5. Memiliki kepercayaan diri dan
keberanian dalam menghadapi setiap persoalan.
6. Mendapatkan pertolongan,
perlindungan, serta rezeki yang cukup dari Allah swt.
7. Mendapatkan kepercayaan dari
orang banyak karena budi pekertinya yang terpuji dan hidupnya yang bermanfaat
bagi orang lain.
J. Hikmah Beriman kepada Qada dan
qadar
Dengan beriman kepada qadha dan
qadar, banyak hikmah yang amat berharga bagi kita dalam menjalani kehidupan
dunia dan mempersiapkan diri untuk kehidupan akhirat. Hikmah tersebut antara
lain:
a. Melatih diri untuk banyak
bersyukur dan bersabar
Orang yang beriman kepada qadha
dan qadar, apabila mendapat keberuntungan, maka ia akan bersyukur, karena
keberuntungan itu merupakan nikmat Allah yang harus disyukuri. Sebaliknya
apabila terkena musibah maka ia akan sabar, karena hal tersebut merupakan
ujian.
Firman Allah dalam QS. An-Nahl
ayat 53 yang artinya :
“dan apa saja nikmat yang ada
pada kamu, maka dari Allah( datangnya), dan bila ditimpa oleh kemudratan, maka
hanya kepada-Nya lah kamu meminta pertolongan. ”

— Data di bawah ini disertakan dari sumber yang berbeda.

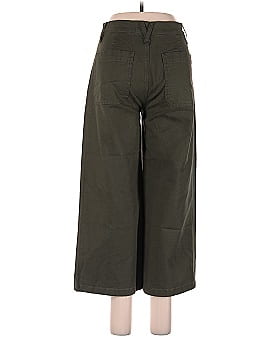 Point Sur Casual Pants (view 2)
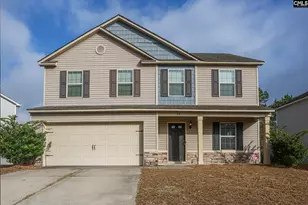 518 Colony Lakes Dr, Lexington, SC 29073 - Photo 1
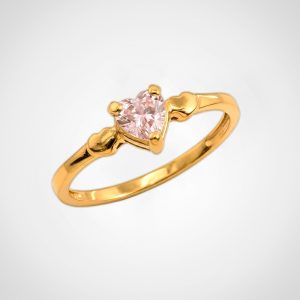 Anillo 96663 - Image 3
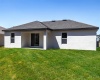 707 CARACARA COURT, POINCIANA, Florida 34759, 3 Bedrooms Bedrooms, ,2 BathroomsBathrooms,Residential,For Sale,CARACARA,T3327117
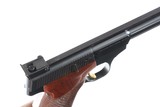 Browning Medalist Pistol .22 lr - 3 of 10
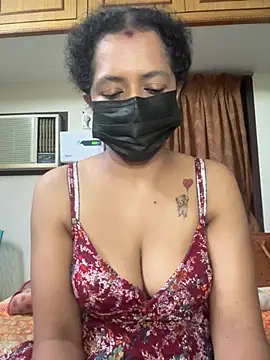 TeddyLover5 online show from March 13, 5:51 pm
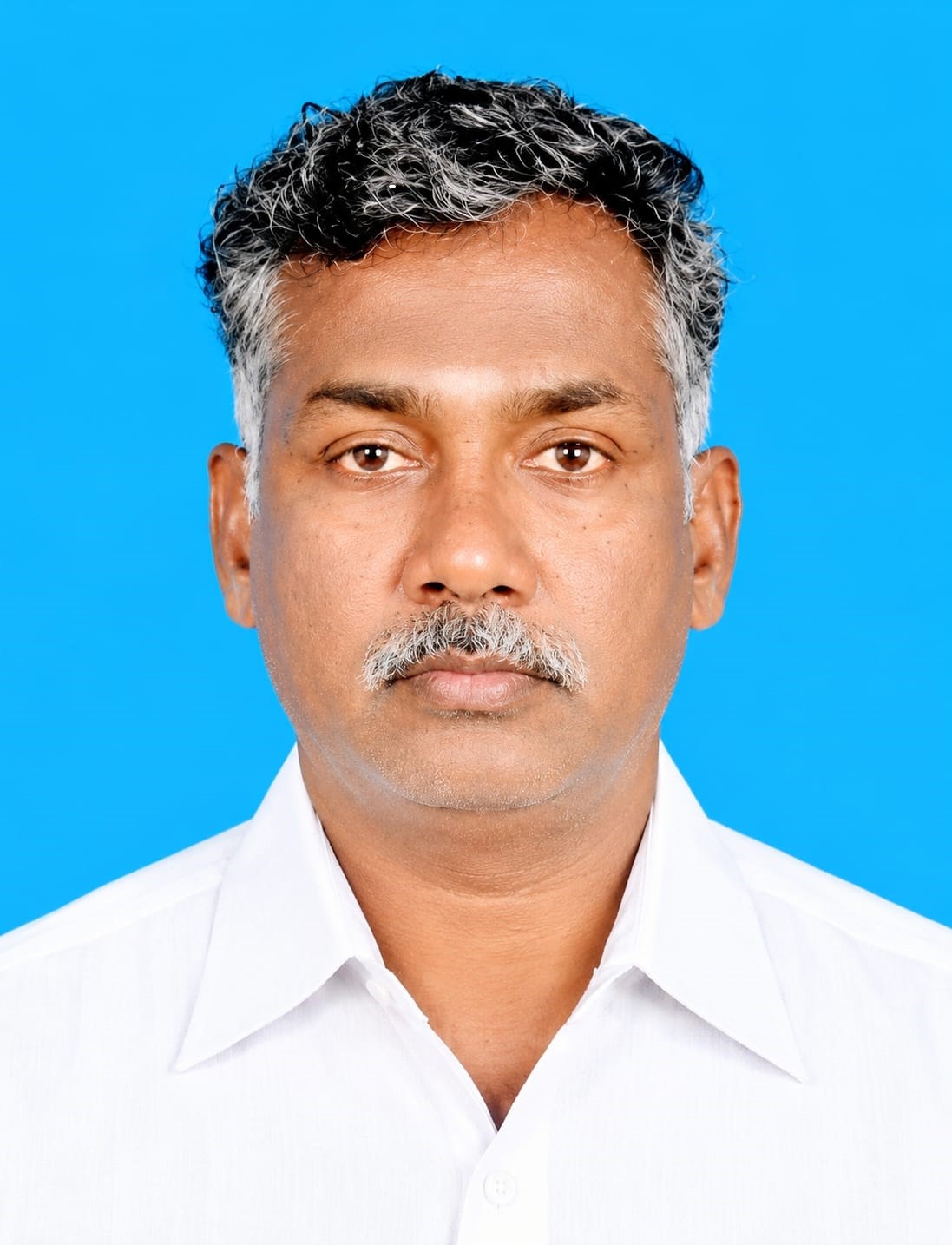 muthuramalingkam
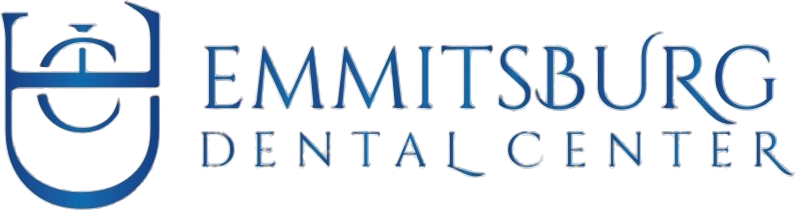 Emmitsburg Dental Center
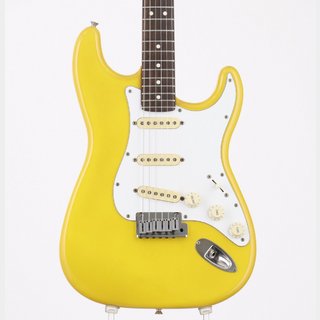 Fender Japan ST700SPL Rebel Yellow【名古屋栄店】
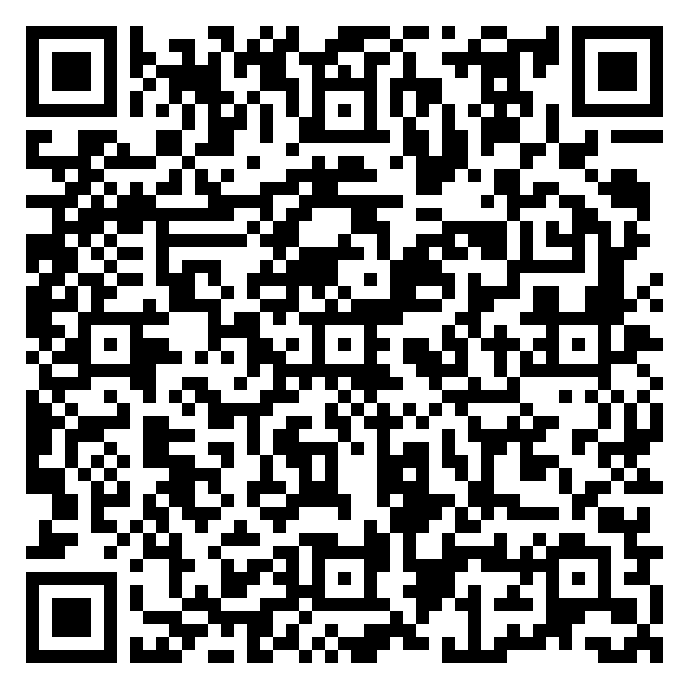 kod QR z danymi kontaktowymi 38400390800000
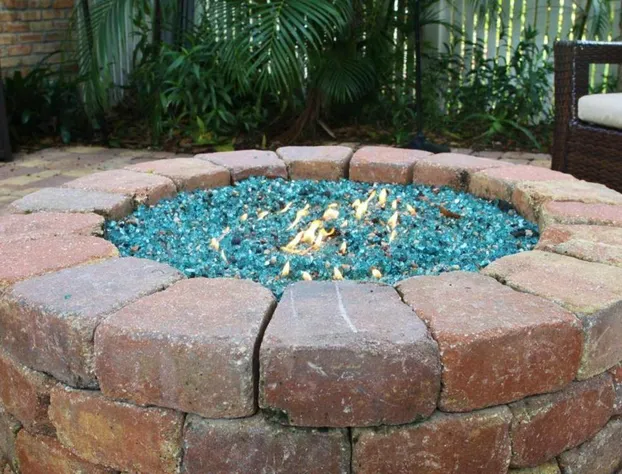 Seaglass Inn hotel detail image 2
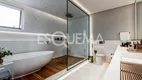 Foto 30 de Apartamento com 2 Quartos à venda, 269m² em Itaim Bibi, São Paulo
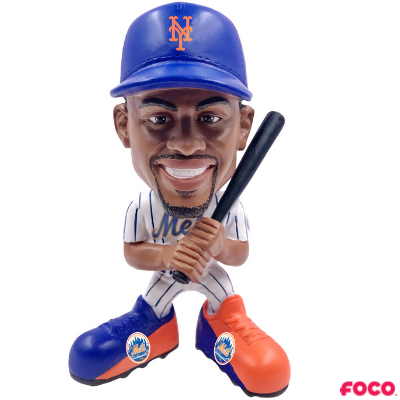 Showstomperz Bobbleheads (New)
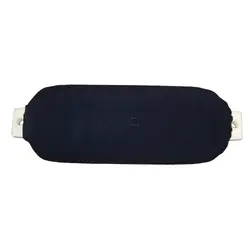 Polyform-FENDER FITS-F-3/G-5 NAVY BLUE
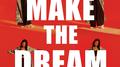 Make the Dream专辑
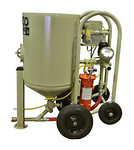 21609 6cuft Contractor 12v Cpf 3 Clipped Th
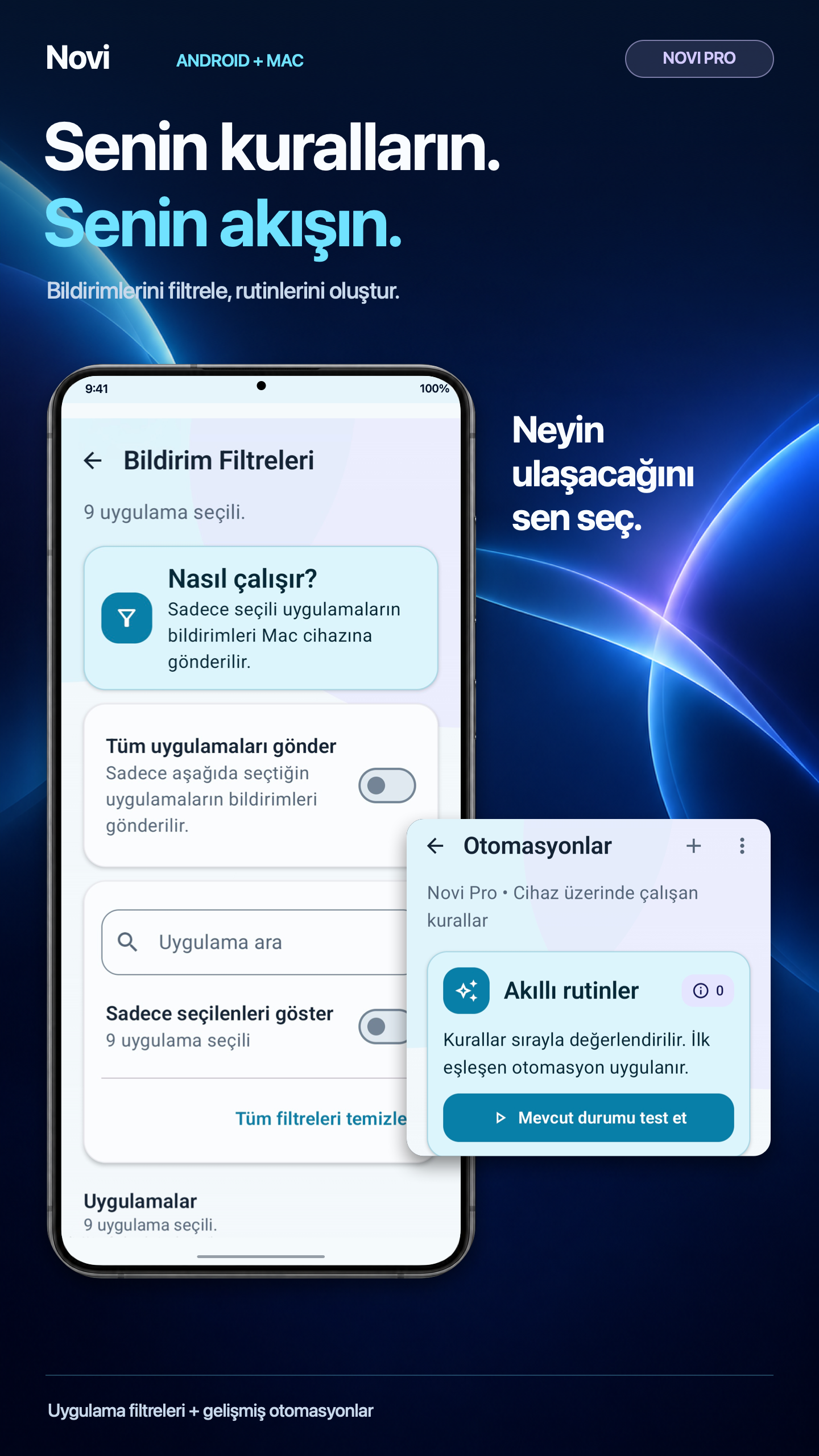 Novi ekran görüntüsü 7
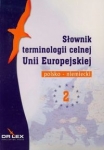 BN257900.jpg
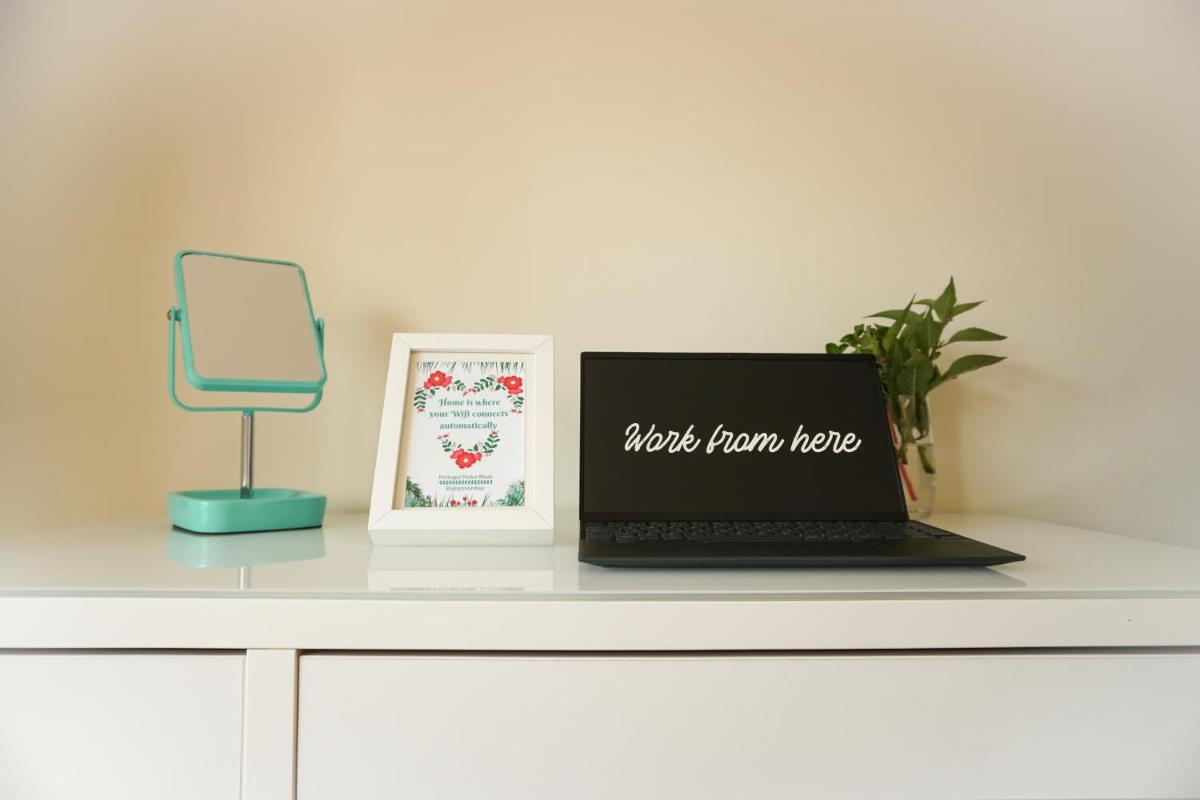 Jardim da Celeste - Housity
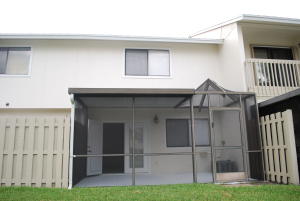 CANALAKE REPLAT IN - Residential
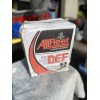 Fleetguard Allfleet ALL FLEET Liquid Armor Diesel Exhaust Fluid -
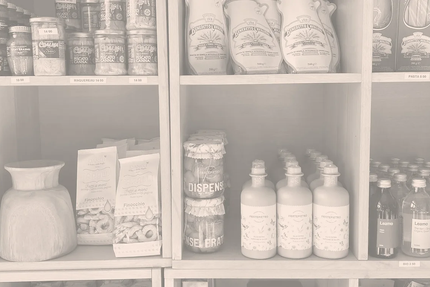 Restaurant Bourdasso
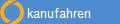  kanufahren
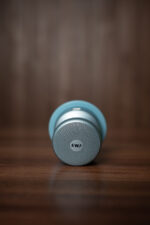 Портативна міні колонка MagSafe Beat PowerMax - Зображення 4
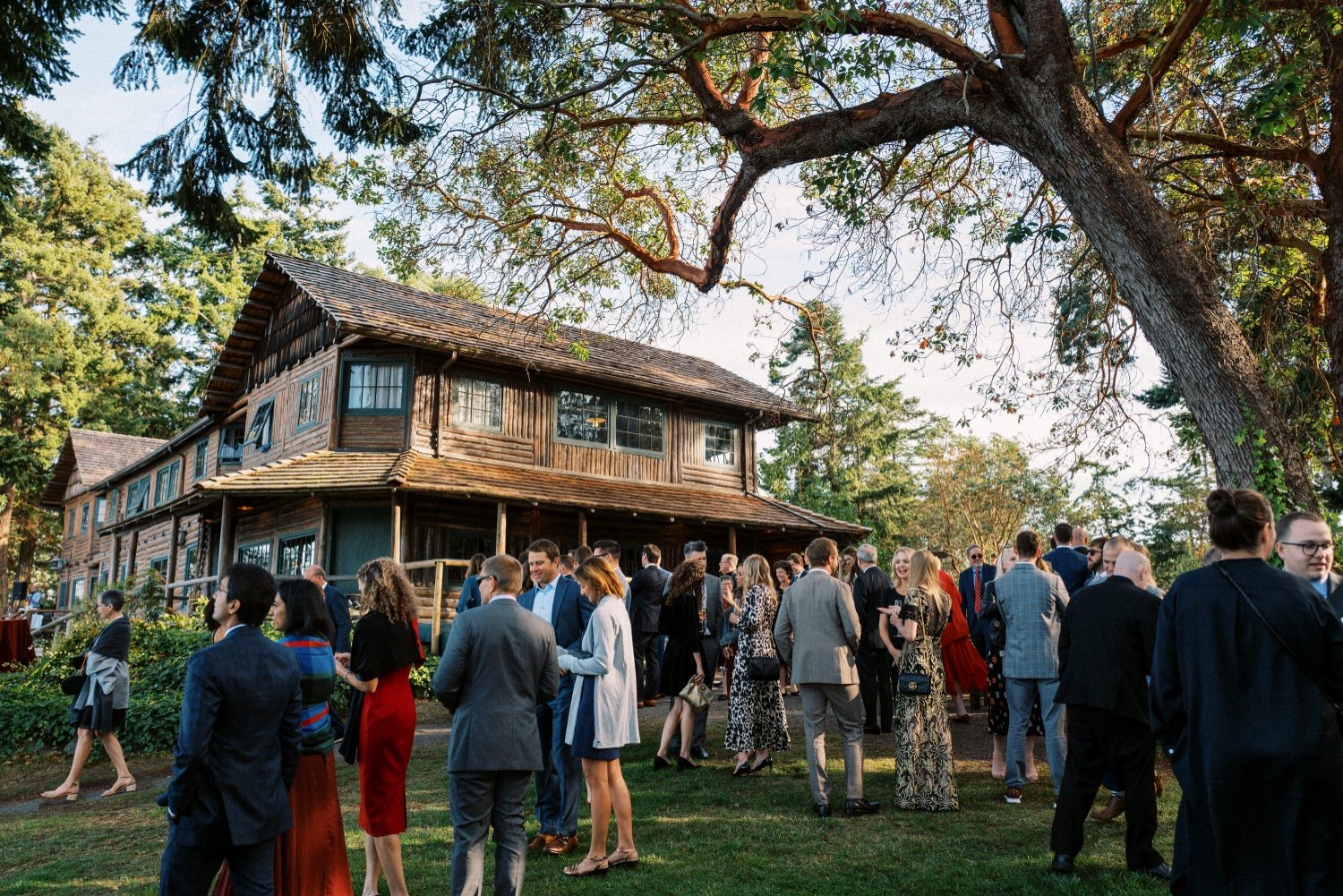 073_A colorful PNW outdoor wedding at the Captain Whidbey Inn, with Clutch Events and Ryan Flynn Photography.jpg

b. Menjauhkan diri dari sifat
sombong dan putus asa
Orang yang tidak beriman kepada
qadha dan qadar, apabila memperoleh keberhasilan, ia menganggap keberhasilan
itu adalah semata-mata karena hasil usahanya sendiri. Ia pun merasa dirinya
hebat. Apabila ia mengalami kegagalan, ia mudah berkeluh kesah dan berputus asa
, karena ia menyadari bahwa kegagalan itu sebenarnya adalah ketentuan Allah.
Firman Allah SWT dalam QS.Yusuf
ayat 87 yang artinya :
Hai anak-anakku, pergilah kamu,
maka carilah berita tentang Yusuf dan saudaranya dan jangan kamu berputus asa
dari rahmat Allah. Sesungguhnya tiada berputus asa dari rahmat Allah, melainkan
kaum yang kafir.
c. Memupuk sifat optimis dan giat
bekerja
Manusia tidak mengetahui takdir
apa yang terjadi pada dirinya. Semua orang tentu menginginkan bernasib baik dan
beruntung. Keberuntungan itu tidak datang begitu saja, tetapi harus diusahakan.
Oleh sebab itu, orang yang beriman kepada qadha dan qadar senantiasa optimis
dan giat bekerja untuk meraih kebahagiaan dan keberhasilan itu.
Firaman Allah dalam QS Al- Qashas
ayat 77 yang artinya :
Dan carilah pada apa yang telah
dianugerahkan Allah kepadamu (kebahagiaan) negeri akhirat, dan janganlah kamu
melupakan bahagianmu dari (kenikmatan) duniawi dan berbuat baiklah (kepada
orang lain) sebagaimana Allah telah berbuat baik, kepadamu, dan janganlah kamu
berbuat kerusakan di (muka) bumi. Sesungguhnya Allah tidak menyukai orang-orang
yang berbuat kerusakan.
d. Menenangkan jiwa
Orang yang beriman kepada qadha
dan qadar senangtiasa mengalami ketenangan jiwa dalam hidupnya, sebab ia selalu
merasa senang dengan apa yang ditentukan Allah kepadanya. Jika beruntung atau
berhasil, ia bersyukur. Jika terkena musibah atau gagal, ia bersabar dan
berusaha lagi.
Firaman Allah dalam QS. Al-Fajr
ayat 27-30 yang artinya :
Hai jiwa yang tenang. Kembalilah
kepada Tuhanmu dengan hati yang tenang lagi diridhai-Nya. Maka masuklah kedalam
jamaah hamba-hamba-Ku, dan masuklah kedalam surga-Ku.